As of September 30, the company’s debt stood at $532.7 million. The company ended the quarter with $41.4 million in cash. In addition, on October 27, the company repaid $30 million of its senior credit facility borrowings with cash flow from operations.
Conference Call
UCI will host a conference call to discuss its results and performance on Thursday, November 16, at 11:00 a.m. Eastern Time (ET). Interested parties are invited to listen to the call by telephone. Domestic callers can dial (800) 637-1381. International callers can dial (641) 297-7667.
A replay of the call will be available from November 17, 2006, for a ninety day period, at www.ucinc.com. Click on the UCINC 2006 3rd Quarter Results button.
About United Components, Inc.
United Components, Inc. is among North America’s largest and most diversified companies servicing the vehicle replacement parts market. We supply a broad range of products to the automotive, trucking, marine, mining, construction, agricultural and industrial vehicle markets. Our customer base includes leading aftermarket companies as well as a diverse group of original equipment manufacturers.

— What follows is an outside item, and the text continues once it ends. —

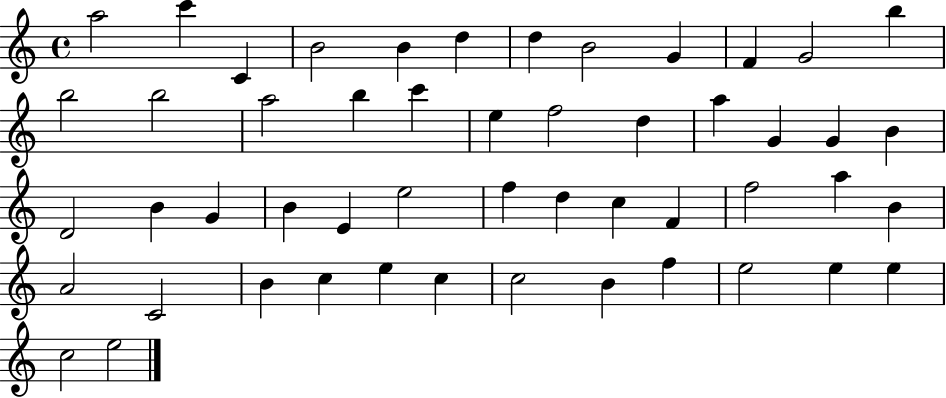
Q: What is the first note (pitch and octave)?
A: A5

Forward Looking Statements
All statements, other than statements of historical facts, included in this press release and the attached report that address activities, events or developments that UCI expects, believes or anticipates will or may occur in the future are forward-looking statements. Forward-looking statements give UCI’s current expectations and projections relating to the financial condition, results of operations, plans, objectives, future performance and business of UCI and its subsidiaries. These statements can be identified by the fact that they do not relate strictly to historical or current facts. They are subject to uncertainties and factors relating to UCI’s operations and business environment, all of which are difficult to predict and many of which are beyond UCI’s control. UCI cautions investors that these uncertainties and factors, including those discussed in Item 1A of UCI’s 2005 Annual Report on Form 10-K and in its other SEC filings, could cause UCI’s actual results to differ materially from those stated in the forward-looking statements. UCI cautions that investors should not place undue reliance on any of these forward-looking statements. Further, any forward-looking statement speaks only as of the date on which it is made, and except as required by law, UCI undertakes no obligation to update any forward-looking statement to reflect events or circumstances after the date on which it is made or to reflect the occurrence of anticipated or unanticipated events or circumstances.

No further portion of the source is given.